AASsites uses several gene prediction programs and open reading frame prediction to compare the wild type (wt) and the variant gene sequence. The results of the comparison are combined by a handmade rule system to classify a change in splicing as “likely, probable, unlikely”. Having received good results from tests with SNPs known for changing the splicing pattern we checked 80,000 SNPs from the human genome which are located near splice sites for their ability to change the splicing pattern of the gene and hereby result in a different protein. We identified 301 “likely” and 985 “probable” classified SNPs with such characteristics.

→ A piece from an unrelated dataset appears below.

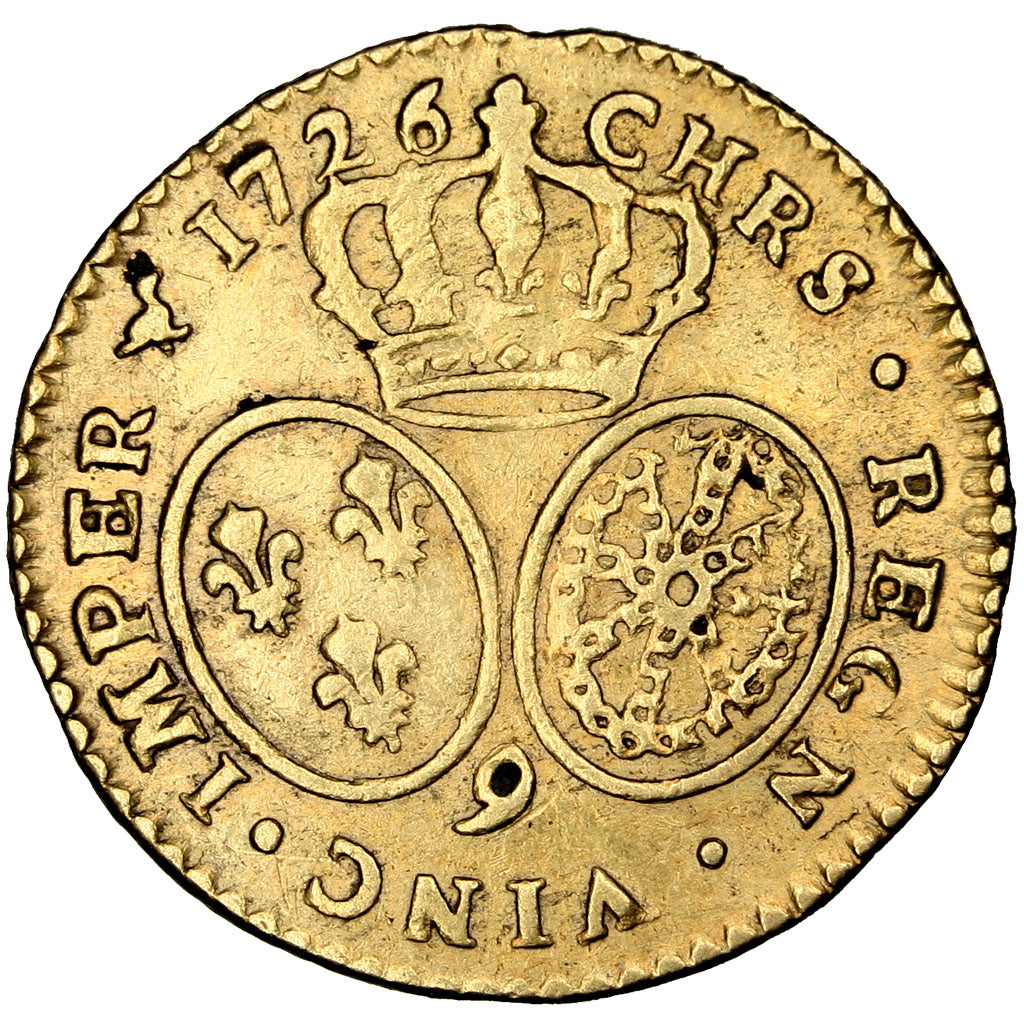 FRANCE, 1/2 Louis d'or aux lunettes, 1/2 Louis D'or, 1726, Rennes, KM #488.15,..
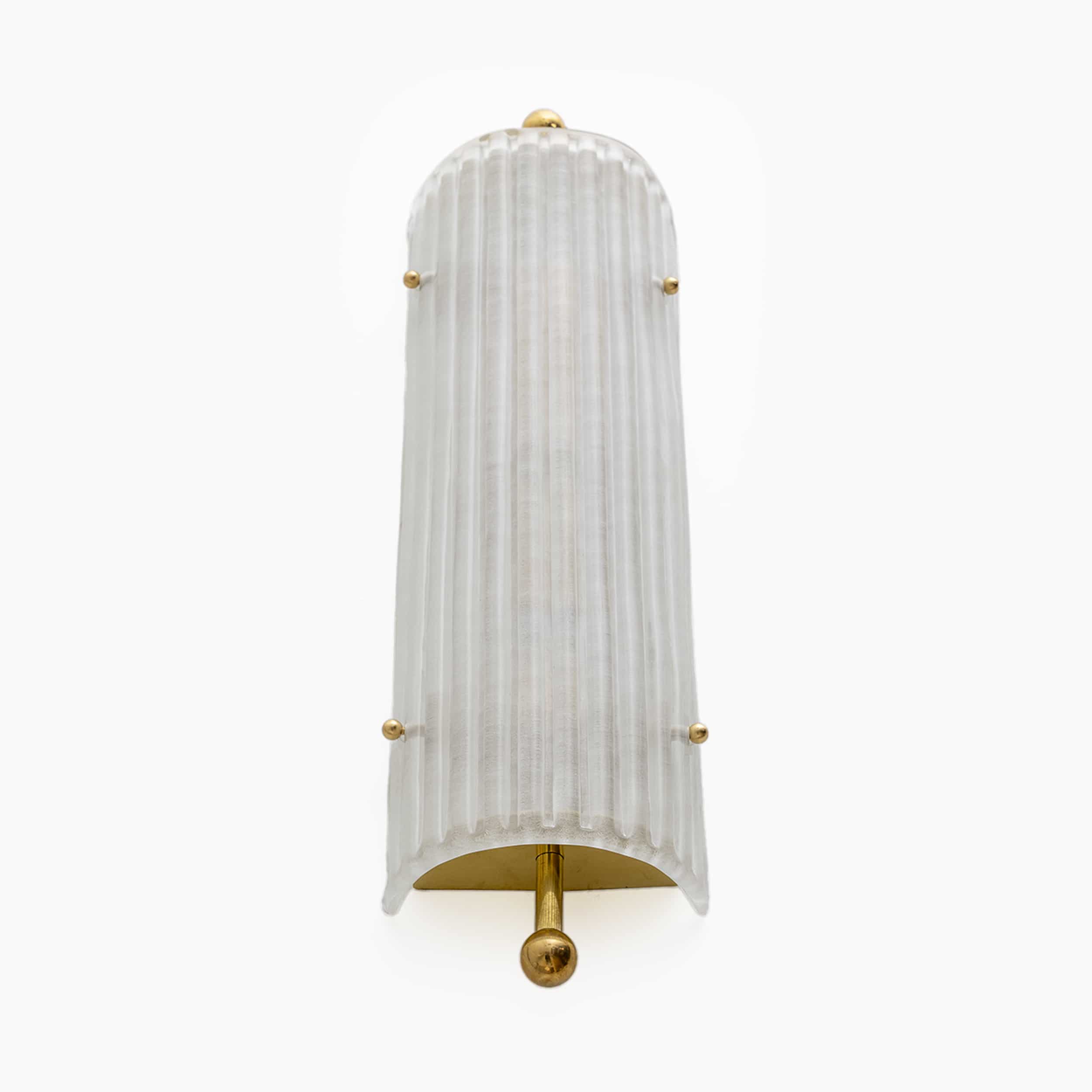 Pair of Art Dèco Style Italian Murano Glass and Brass Sconces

Within this set 33 SNPs are described in the ssSNP Target database to cause modified splicing.
With AASsites single SNPs can be checked for those causing splice modifications. Screening 80,000 known human SNPs we detected about 1,200 SNPs which probably modify splicing. AASsites is available at http://genius.embnet.dkfz-heidelberg.de/menu/biounit/open-husar using any web browser.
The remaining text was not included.